12. En deuxième lieu, les moyens tirés de l’erreur de fait et de l’erreur de droit ne sont pas assortis des précisions suffisantes permettant au tribunal d’en apprécier le bien-fondé. Ils doivent par conséquent être écartés.
13. En troisième lieu, M. C est assigné à résidence dans le département de la Haute-Garonne, pour une durée de quarante-cinq jours avec l’obligation de se présenter au commissariat Central de Toulouse les mardis et jeudis, à l’exception des jours fériés, et ne fait valoir aucun élément qui l’empêcherait de respecter cette obligation. Dans ces conditions et au regard du caractère temporaire de la mesure, M. C n’est pas fondé à soutenir que l’obligation de pointage porte une atteinte disproportionnée à sa liberté individuelle. Par suite, le moyen tiré de l’erreur manifeste d’appréciation doit être écarté.
En ce qui concerne la décision portant interdiction de sortie du département de la Haute-Garonne :
14. En premier lieu, la décision portant assignation à résidence n’étant pas entachée d’illégalité, le requérant n’est pas fondé à soutenir que la décision l’interdisant de sortie du département de la Haute-Garonne serait entachée d’un défaut de base légale.
15. En deuxième lieu, les moyens tirés de l’erreur de fait et de l’erreur de droit ne sont pas assortis des précisions suffisantes permettant au tribunal d’en apprécier le bien-fondé. Ils doivent par conséquent être écartés.
16. En troisième lieu, si les modalités d’application d’une mesure d’assignation à résidence apportent nécessairement des restrictions à l’exercice de certaines libertés, en particulier la liberté d’aller et venir, elle ne présente pas, compte tenu de sa durée et de ses modalités d’exécution, le caractère d’une mesure privative de liberté ni au sens de l’article 5 de la convention européenne de sauvegarde des droits de l’homme et des libertés fondamentales, ni au sens de son article 8. Le requérant ne peut donc utilement invoquer la méconnaissance de ces articles à l’encontre d’une modalité d’exécution de la mesure d’assignation à résidence.
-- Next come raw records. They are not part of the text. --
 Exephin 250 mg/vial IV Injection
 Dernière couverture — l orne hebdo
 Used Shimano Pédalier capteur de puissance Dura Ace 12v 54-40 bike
17. En quatrième lieu, il ressort des pièces du dossier, notamment des documents médicaux produits, que M. C fait l’objet d’un suivi médical auprès du centre hospitalier universitaire de Toulouse. Dans ces conditions, il pourra continuer son suivi durant la mesure d’assignation. Par suite, le moyen tiré de l’erreur manifeste d’appréciation doit être écarté.
En ce qui concerne la décision portant remise du passeport :
18. La décision portant assignation à résidence n’étant pas entachée d’illégalité, le requérant n’est pas fondé à soutenir que la décision portant remise du passeport serait entachée d’un défaut de base légale.
19. Il résulte de tout ce qui précède que M. C n’est pas fondé à demander l’annulation de l’arrêté du 4 mai 2025 par lequel le préfet de la Haute-Garonne l’a assigné à résidence pour une durée de quarante-cinq jours. Il y a lieu de rejeter ses conclusions à fin d’annulation, ainsi que, par voie de conséquence, ses conclusions à fin d’injonction et celles tendant à l’application des dispositions des articles L. 761-1 du code de justice administrative et 37 de la loi du 10 juillet 1991 relative à l’aide juridique.
D E C I D E :
Article 1er : M. C est admis au bénéfice de l’aide juridictionnelle provisoire.
Article 2 : Le surplus des conclusions de la requête de M. C est rejeté.
Article 3 : Le présent jugement sera notifié à M. A C, à Me Saihi et au préfet de la Haute-Garonne.
Rendu public par mise à disposition au greffe le 4 juin 2025.
La magistrate désignée,
S. GIGAULT Le greffier,
B. ROETS
La République mande et ordonne au préfet de la Haute-Garonne, en ce qui le concerne, ou à tous commissaires de justice à ce requis, en ce qui concerne les voies de droit commun contre les parties privées, de pourvoir à l’exécution de la présente décision.